Si l’on en croit les Evangiles, Ponce Pilate, procurateur romain en Judée, fut l’un des responsables de la crucifixion du Christ. Coupable malgré lui, puisque, convaincu de l’innocence de Jésus, il s’efforça même de le sauver. Mais les Juifs, poussés par les prêtres qui ne supportaient pas la concurrence d’un nouveau prophète, choisirent que le brigand Barabbas soit gracié à la place de celui qui se présentait comme le fils de Dieu.
Les Evangiles n’épargnent pas les Juifs et les chrétiens ont longtemps nourri une solide détestation des Israélites. Est-ce un signe qu’une pièce puisse mettre en accusation des Juifs – même des temps reculés – sans soulever le soupçon d’antisémitisme ? On imagine ce qu’il en serait si l’on voulait montrer sur une scène de théâtre certains épisodes peu reluisants du début de l’islam…
Les ambiguïtés du personnage de Pilate ont inspiré plusieurs œuvres littéraires, la plus connue étant Le Maître et Marguerite de Mikhaïl Boulgakov rédigé dans les années 1930 et publié à titre posthume trois décennies plus tard. Plus récemment, Éric-Emmanuel Schmitt a fait paraître une Evangile selon Pilate (2000). C’est cependant du récit Ponce Pilate de Roger Caillois (1961) qu’est parti Xavier Marchand pour monter son propre Ponce Pilate, l’histoire qui bifurque.
Une grande partie du charme de cette pièce tient à l’usage de marionnettes inspirées du bunraku japonais, manipulées à vue par des comédiens qui ont enfilé une main dans la tête de leur personnage et un bras dans une de ses manches. Les têtes confectionnées par Paulo Duarte sont particulièrement expressives, les costumes se résumant à quelques voiles, ébauches sans doute d’une toge. Le comédien peut, à l’occasion, faire parler sa marionnette mais c’est plus souvent un narrateur, présent également sur le plateau, qui décrit l’action et rapporte les propos des personnages.
On retrouve avec plaisir l’histoire de Pilate, de Judas, de Caïphe et de Jésus. Néanmoins Caillois a introduit des scènes qui n’existent pas dans les Evangiles. Dans l’une, Judas Iscariote plaide auprès de Pilate pour qu’il mette à mort Jésus, afin que les écritures s’accomplissent : Judas et Pilate, le traitre comme le lâche, n’ont-ils pas en effet une partie essentielle à jouer dans l’avènement de ce qui deviendra le christianisme ? Autre scène ajoutée, la rencontre entre Pilate et un certain Mabrouk, un devin qui dévide l’histoire de la nouvelle religion.
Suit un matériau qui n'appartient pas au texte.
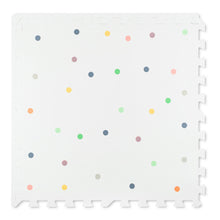 Load image into Gallery viewer, White foam mat with colourful polka dots on a white background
Et la fin, bien sûr, un coup de théâtre qui fait sourire à défaut d’être crédible au regard de tout ce qui précède.
Ces ajouts aux textes évangéliques ne suffiraient pas à faire une belle pièce – d’autant qu’elle s’apparente plus à un récit qu’au théâtre dialogué, comme déjà noté – s’il n’y avait la magie des marionnettes. Celle de Mabrouk (le chanceux en arabe), que l’on découvre à la fin du spectacle, est particulièrement impressionnante : son corps ne se résume pas à quelques voiles évanescents mais il se termine par une couche à l’antique (?) sur laquelle Pilate pendra place pour partager un festin.
Le décor, classique, est fait d’un ensemble de parallélépipèdes rectangles recomposable au cours de la pièce. Un rideau écru ferme le plateau pendant les ajustements successifs. Rien à redire à la prestation de la comédienne et des quatre comédiens manipulateurs. Faut-il préciser qu’ils sont tous munis de micros d’oreille, ce qui n‘aurait pas dû être nécessaire dans le petit théâtre à l’italienne de Fort-de-France où nous avons découvert la pièce ? Quand on pense aux théâtres antiques, si vastes et en plein air, on a du mal à admettre que l’usage des micros soit devenu presque obligatoire de nos jours. Sans doute un signe du progrès que les vieilles générations ne peuvent pas comprendre (tout en s’en réjouissant in petto, vu leur ouïe défaillante).
En tournée au Théâtre municipal de Fort-de-France, le 29 octobre 2020.